> [TASK PROMPT] At the line with "All you have", start transcribing; stop after the last line of the data below. Keep it exact and leave pictures out.

───── SUPPLIED INFORMATION

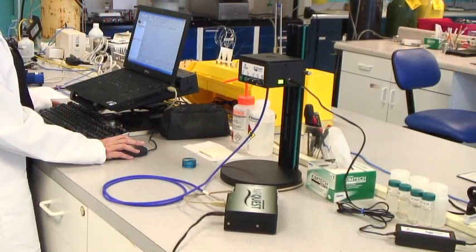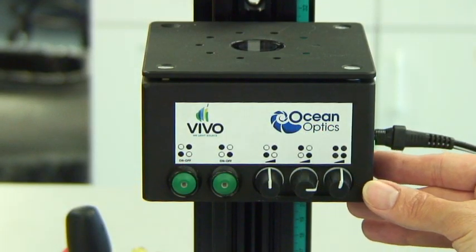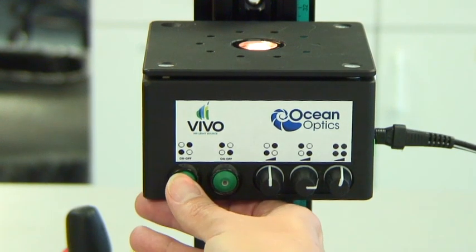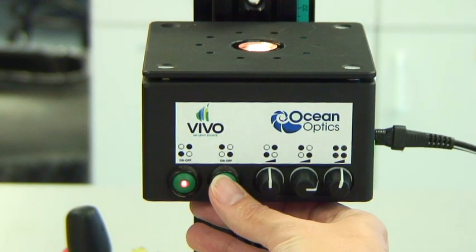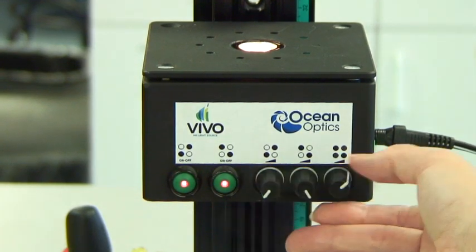Vivo features four tungsten halogen bulbs under a 90-degree angle from your optical fiber that can be turned on or off individually. Vivo also features active cooling that reduces the risk of overheating your sample, ensuring accuracy every time.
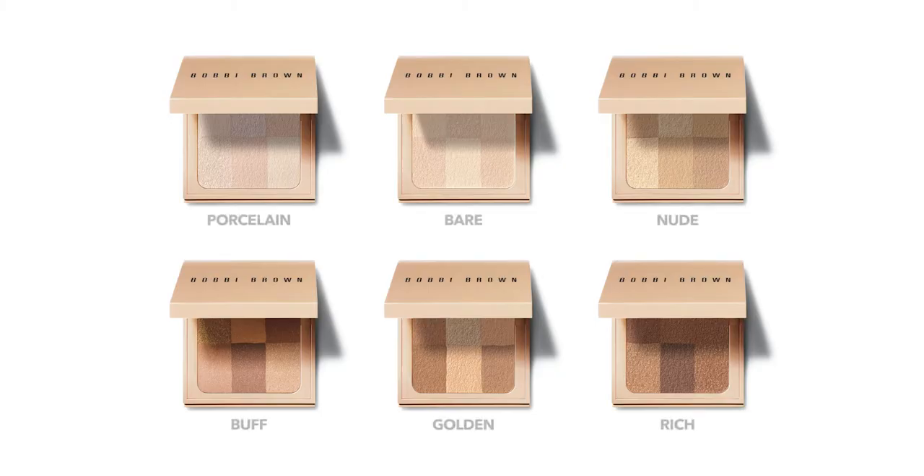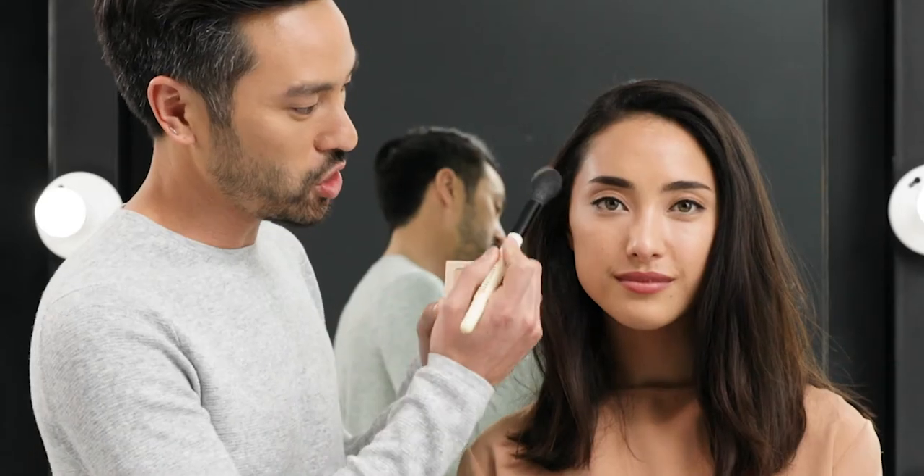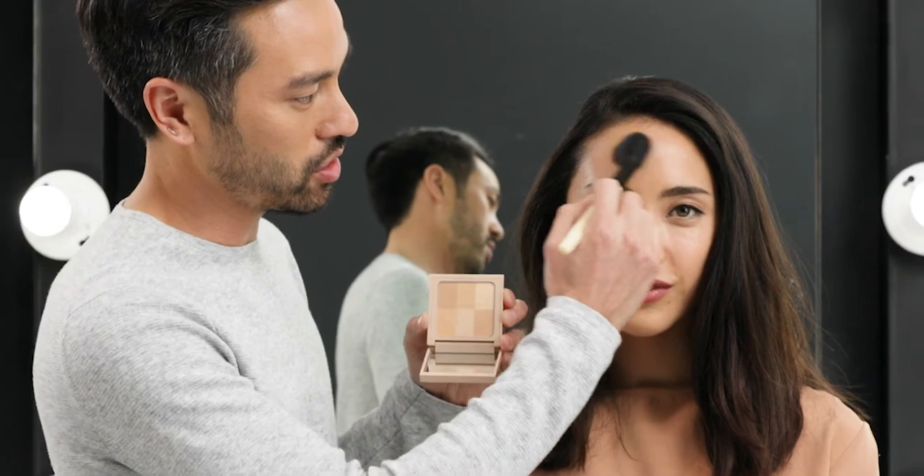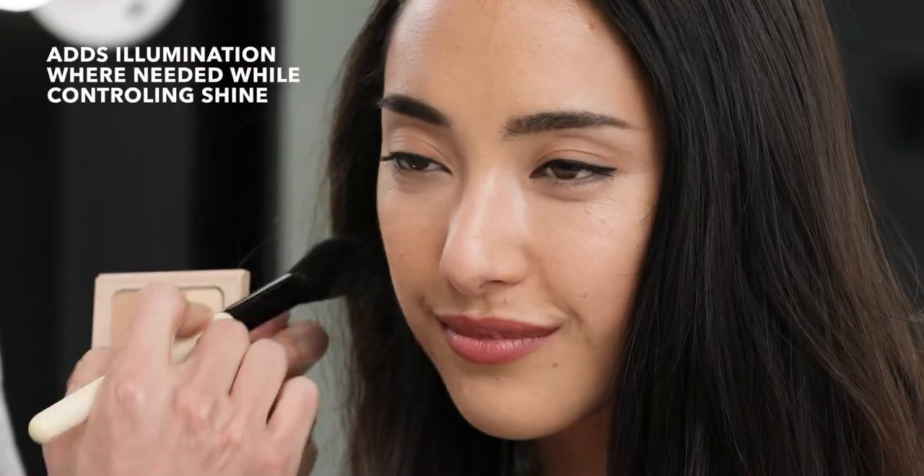All you have to do is find the color that matches up with the complexion, pick up the sheer powder brush, and dust it on any part of the complexion — whether it's through the T-zone to control shine, whether you want to add a little bit more illumination through the cheek, or just as an overall highlight powder.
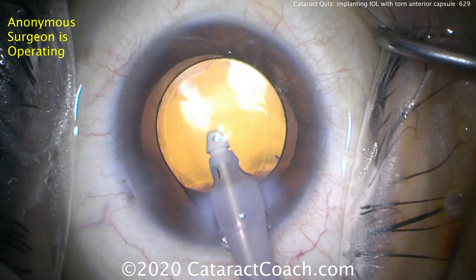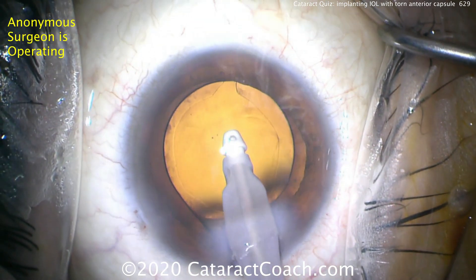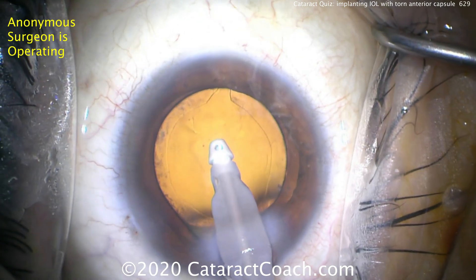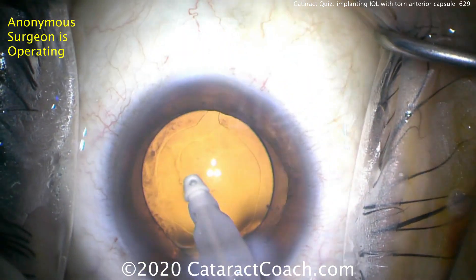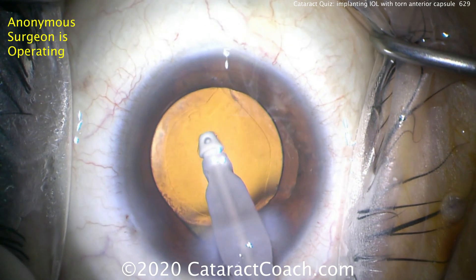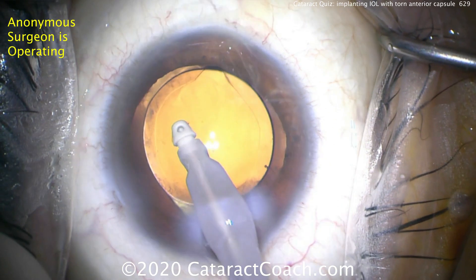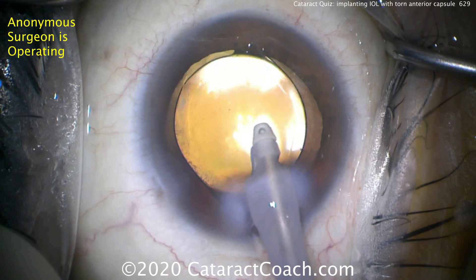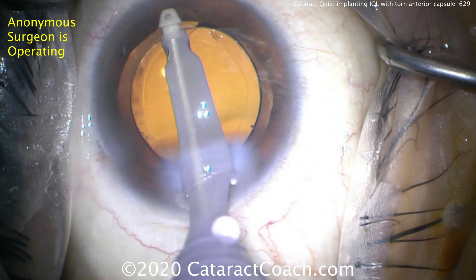Here we can see the lens in good position. Removing viscoelastic — with a single piece acrylic lens you can have the haptics in any orientation you want. My advice: the less intraocular manipulation, the better. Leave things be. This patient will have a beautiful visual outcome with no untoward effects from this anterior capsular tear. But if you allow that tear to go to the equator and then to the posterior capsule, we're going to be in a host of trouble — so we want to avoid that.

──────────

> [REPLY TO THE EXERCISE]
All you have to do is find the color that matches up with the complexion, pick up the sheer powder brush, and dust it on any part of the complexion — whether it's through the T-zone to control shine, whether you want to add a little bit more illumination through the cheek, or just as an overall highlight powder.
Here we can see the lens in good position. Removing viscoelastic — with a single piece acrylic lens you can have the haptics in any orientation you want. My advice: the less intraocular manipulation, the better. Leave things be. This patient will have a beautiful visual outcome with no untoward effects from this anterior capsular tear. But if you allow that tear to go to the equator and then to the posterior capsule, we're going to be in a host of trouble — so we want to avoid that.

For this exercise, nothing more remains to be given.